═══ Provided information ═══

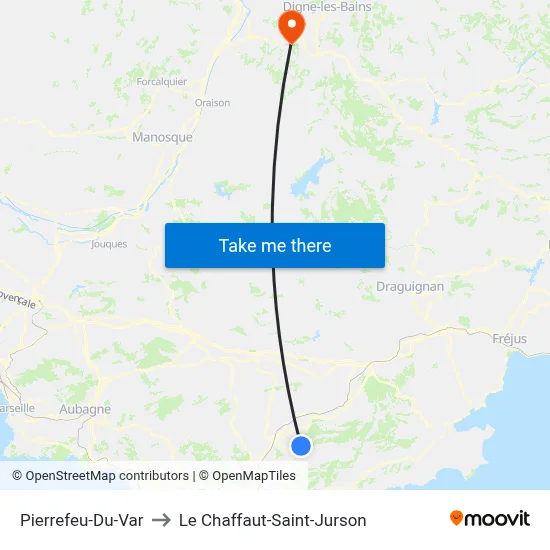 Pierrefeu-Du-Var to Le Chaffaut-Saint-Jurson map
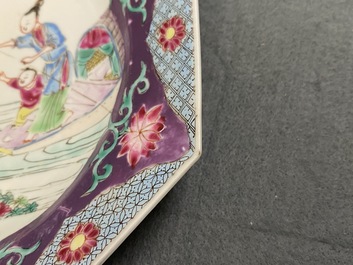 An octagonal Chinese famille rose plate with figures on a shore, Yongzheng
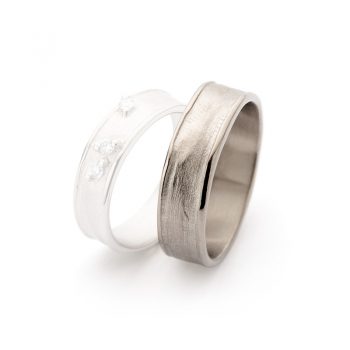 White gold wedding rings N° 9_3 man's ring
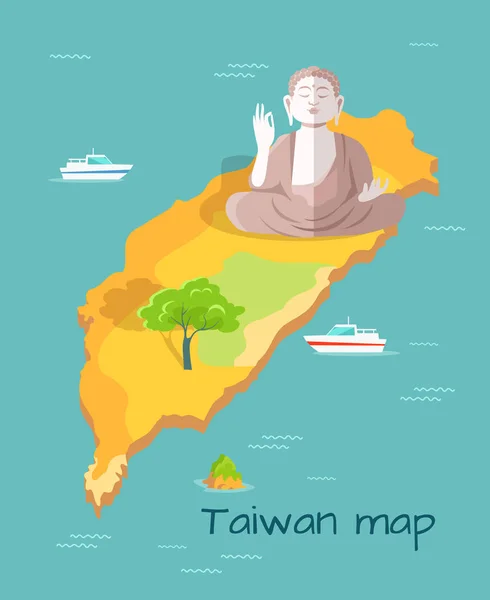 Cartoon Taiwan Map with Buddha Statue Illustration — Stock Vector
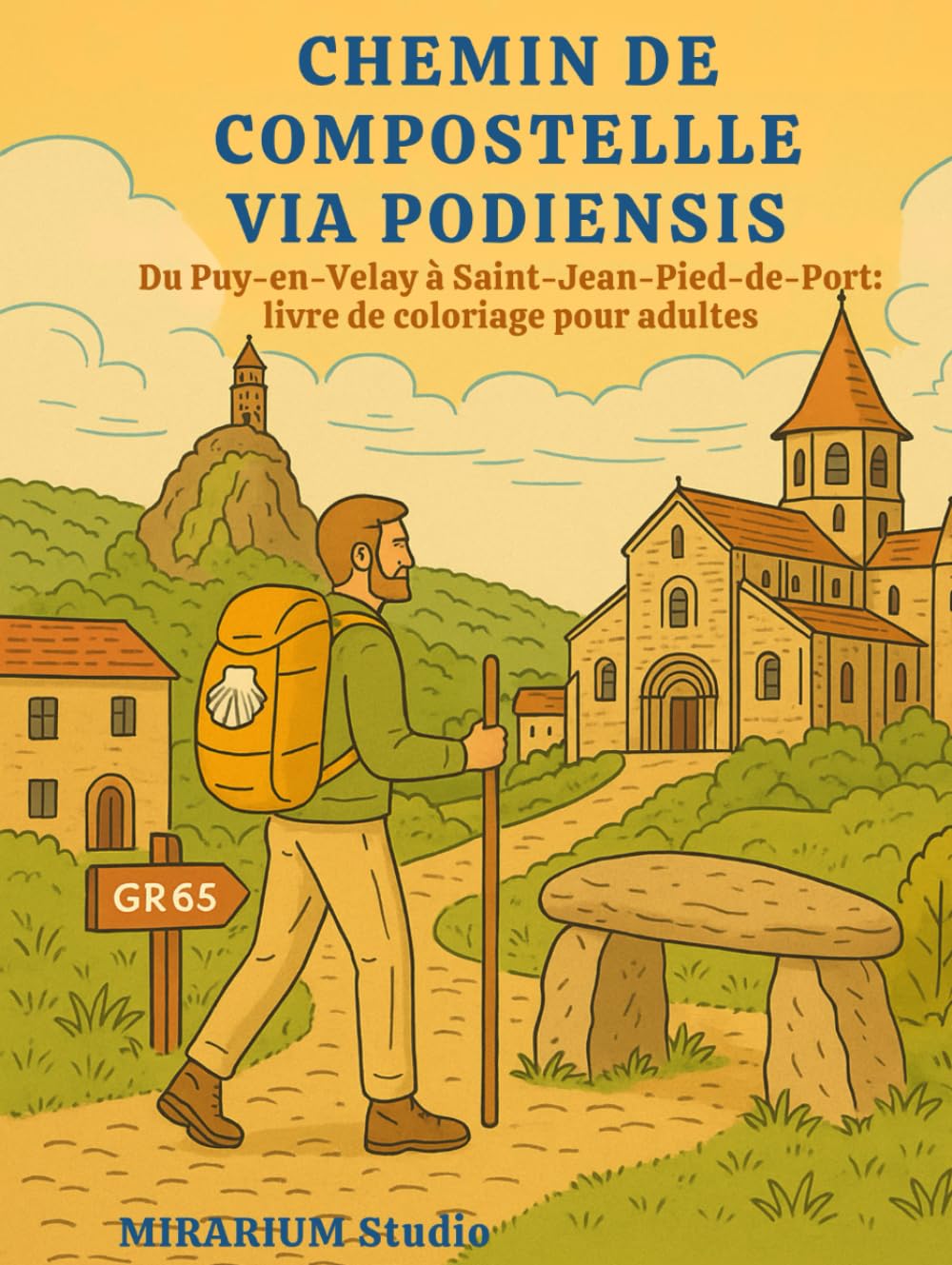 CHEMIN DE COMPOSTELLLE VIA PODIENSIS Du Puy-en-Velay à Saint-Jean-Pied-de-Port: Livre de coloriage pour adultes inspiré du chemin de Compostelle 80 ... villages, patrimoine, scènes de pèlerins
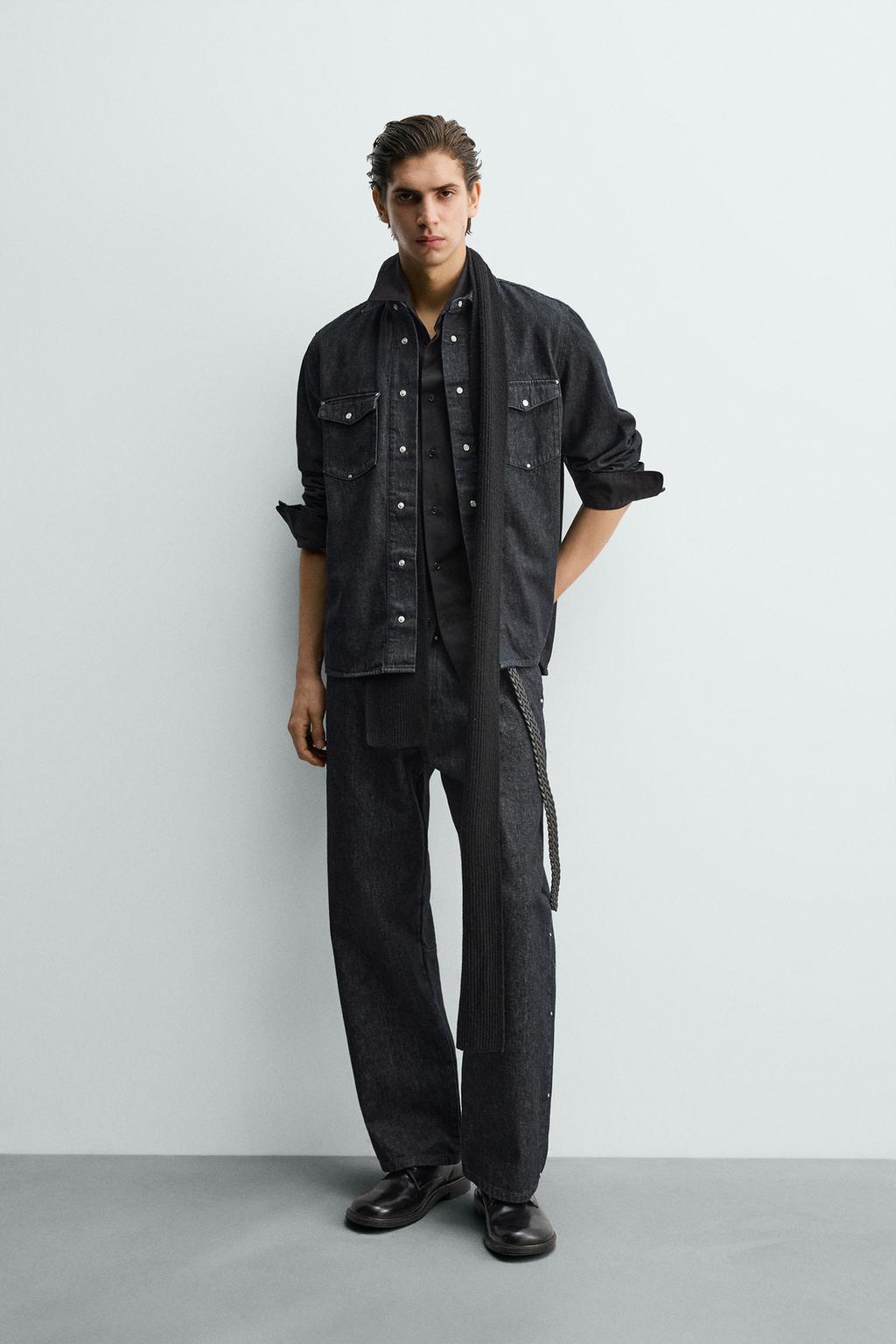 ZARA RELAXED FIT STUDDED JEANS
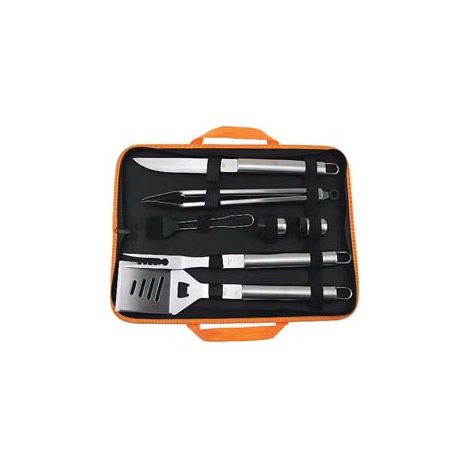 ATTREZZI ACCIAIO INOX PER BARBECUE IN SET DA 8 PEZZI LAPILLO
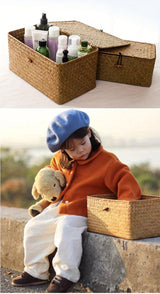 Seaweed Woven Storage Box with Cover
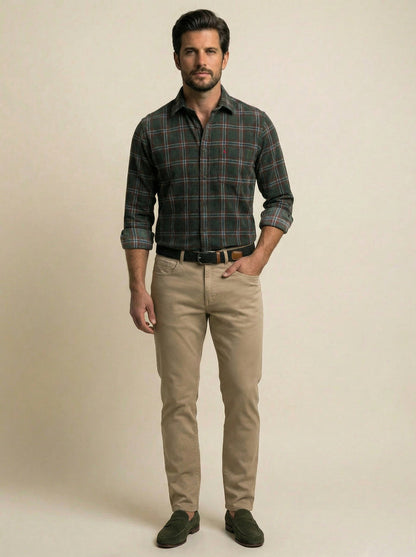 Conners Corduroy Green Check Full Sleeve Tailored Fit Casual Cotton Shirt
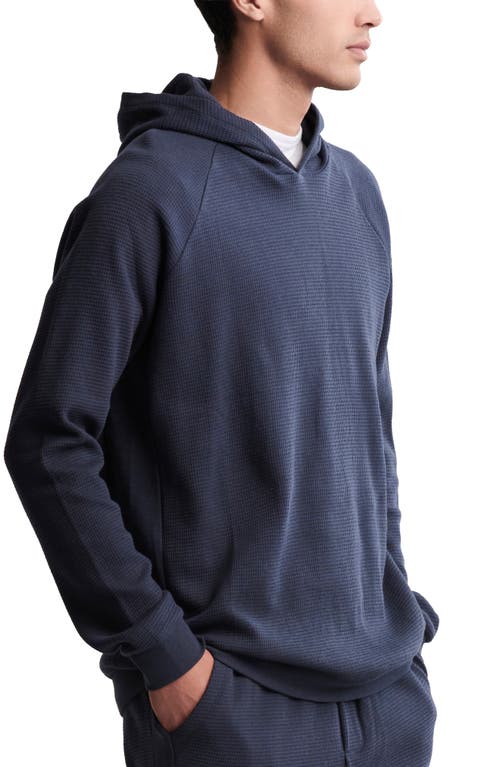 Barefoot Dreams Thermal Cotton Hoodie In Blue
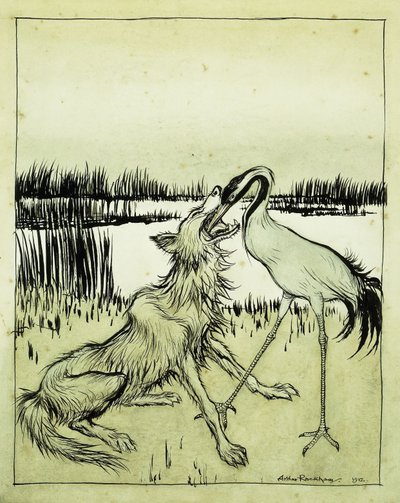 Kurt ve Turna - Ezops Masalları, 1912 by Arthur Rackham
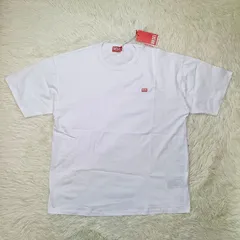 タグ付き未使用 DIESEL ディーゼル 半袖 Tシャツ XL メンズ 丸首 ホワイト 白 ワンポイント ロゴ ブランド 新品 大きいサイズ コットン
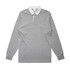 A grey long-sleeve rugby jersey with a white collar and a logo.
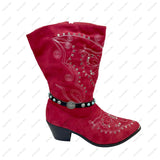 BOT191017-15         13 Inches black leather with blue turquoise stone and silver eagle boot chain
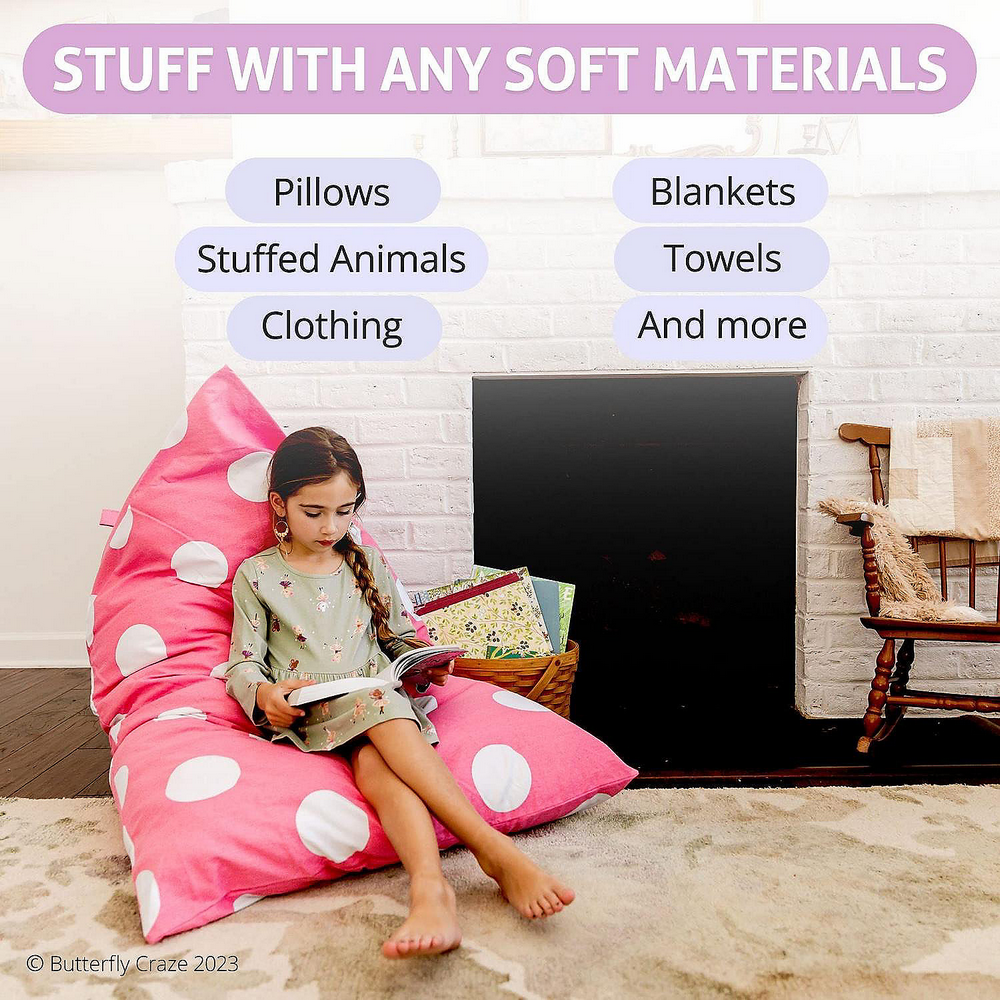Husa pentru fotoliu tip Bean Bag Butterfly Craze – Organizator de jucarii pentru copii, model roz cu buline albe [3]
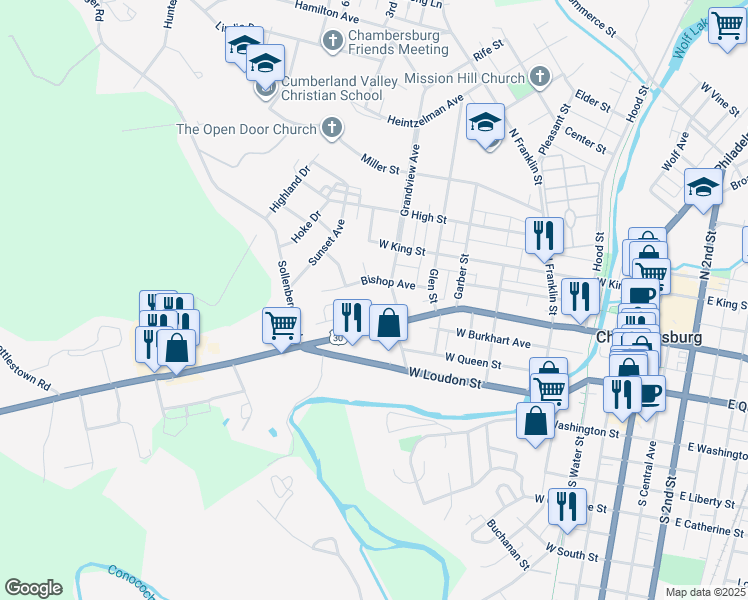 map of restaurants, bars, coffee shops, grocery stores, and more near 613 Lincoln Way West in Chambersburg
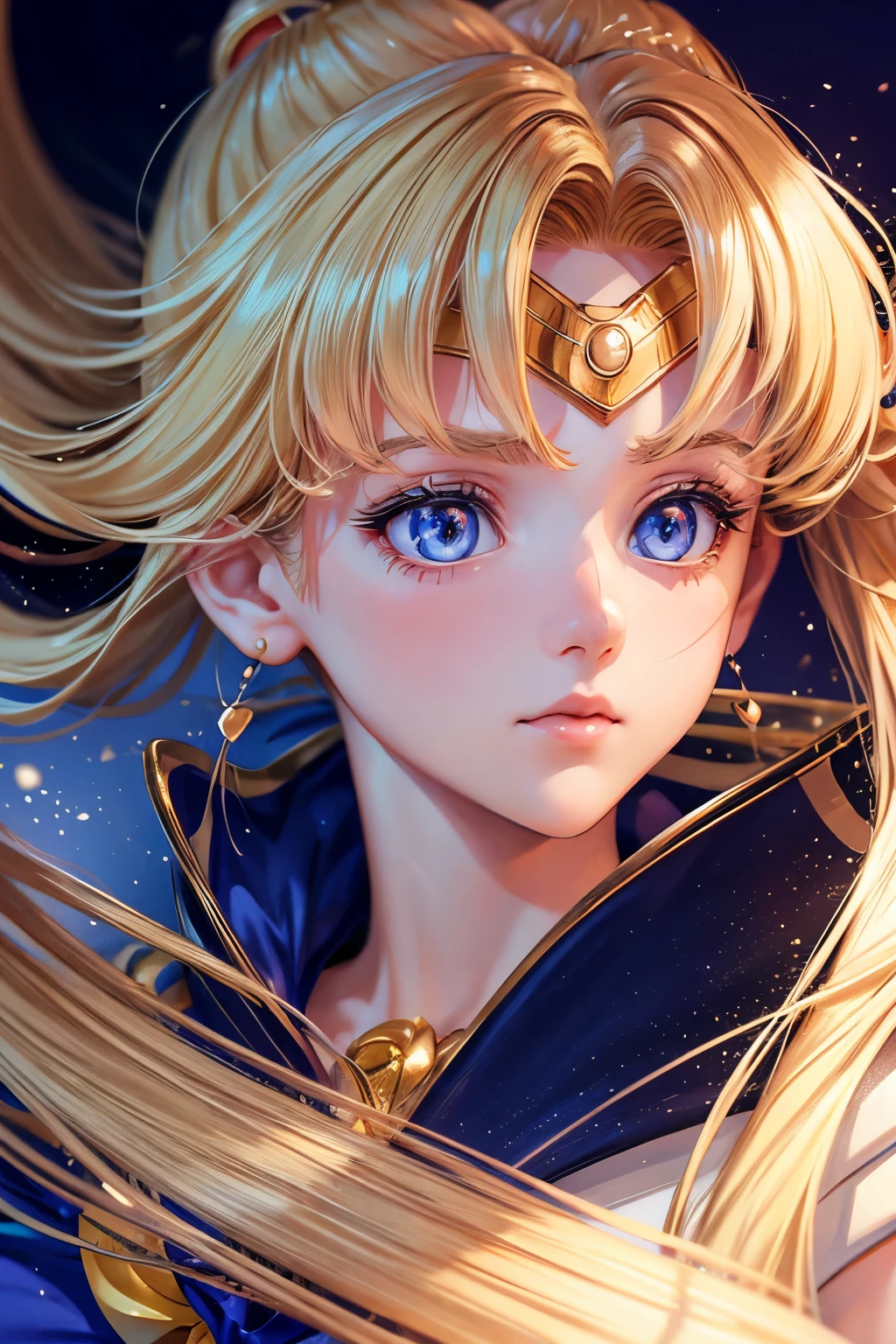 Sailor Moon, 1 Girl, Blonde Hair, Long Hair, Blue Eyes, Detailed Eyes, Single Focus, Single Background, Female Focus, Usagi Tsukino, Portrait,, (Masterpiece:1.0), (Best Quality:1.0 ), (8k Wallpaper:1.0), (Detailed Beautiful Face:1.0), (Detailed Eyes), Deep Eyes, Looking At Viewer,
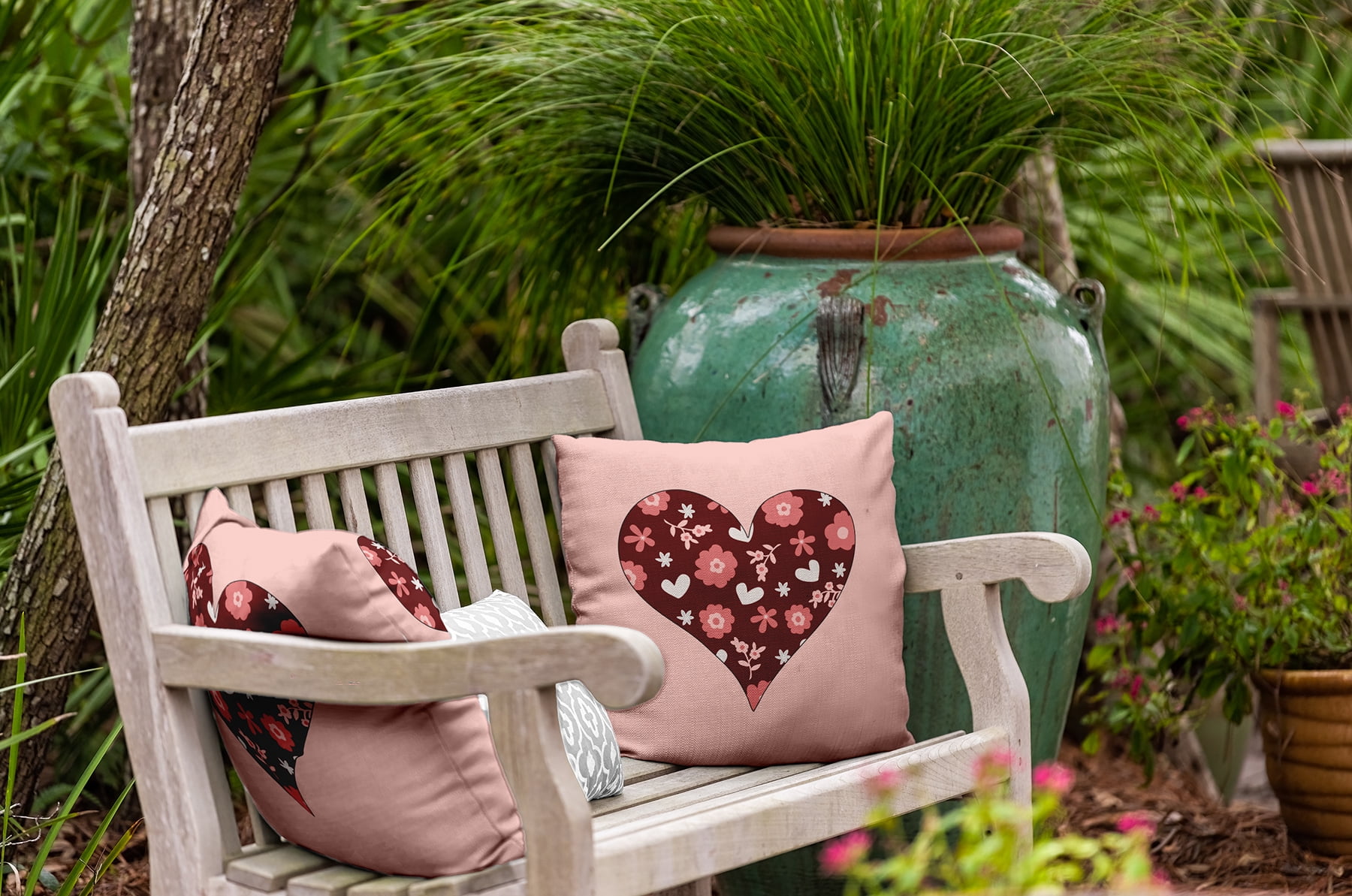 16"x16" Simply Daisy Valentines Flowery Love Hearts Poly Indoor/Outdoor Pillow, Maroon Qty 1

═══

— What to do —
Out of the records above, please copy exactly the lines from the line with "タグ付き未使用 DIESEL ディーゼル" up to and including the line with "eagle boot chain", minus the pictures.

— Final answer —
 タグ付き未使用 DIESEL ディーゼル 半袖 Tシャツ XL メンズ 丸首 ホワイト 白 ワンポイント ロゴ ブランド 新品 大きいサイズ コットン
 A grey long-sleeve rugby jersey with a white collar and a logo.
 BOT191017-15         13 Inches black leather with blue turquoise stone and silver eagle boot chain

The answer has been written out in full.